PROBLEM TO WORK ON » All the lines below should appear again unchanged, though their pictures should not.

DATA BLOCK »
_ _ _ _ _

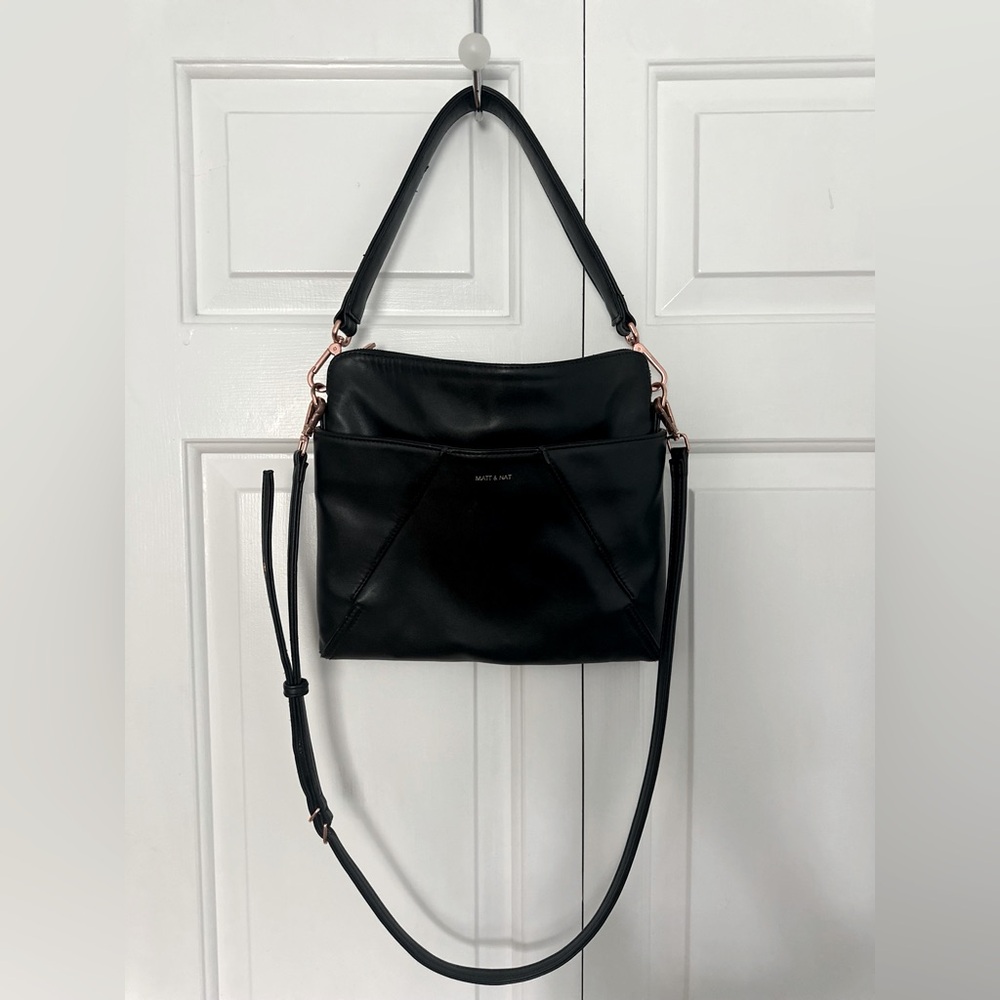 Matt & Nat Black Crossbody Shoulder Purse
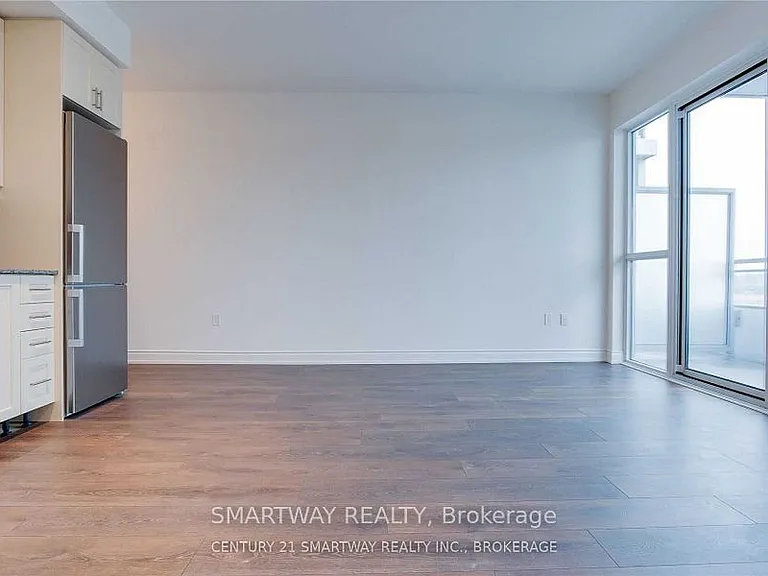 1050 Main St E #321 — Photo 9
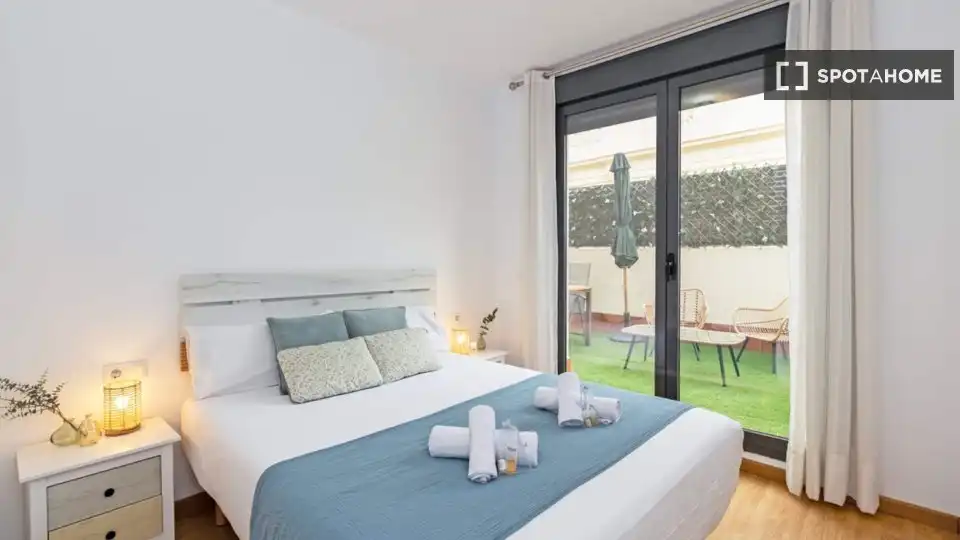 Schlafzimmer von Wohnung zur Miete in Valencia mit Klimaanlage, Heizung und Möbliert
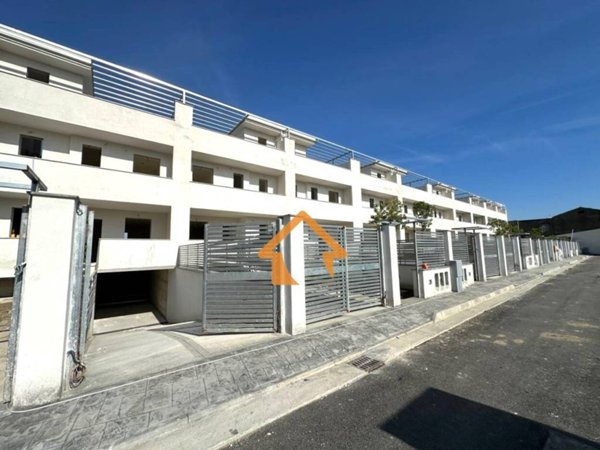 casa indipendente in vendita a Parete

_ _ _ _ _

FINISHED EXERCISE »
 Matt & Nat Black Crossbody Shoulder Purse
 1050 Main St E #321 — Photo 9
 Schlafzimmer von Wohnung zur Miete in Valencia mit Klimaanlage, Heizung und Möbliert
 casa indipendente in vendita a Parete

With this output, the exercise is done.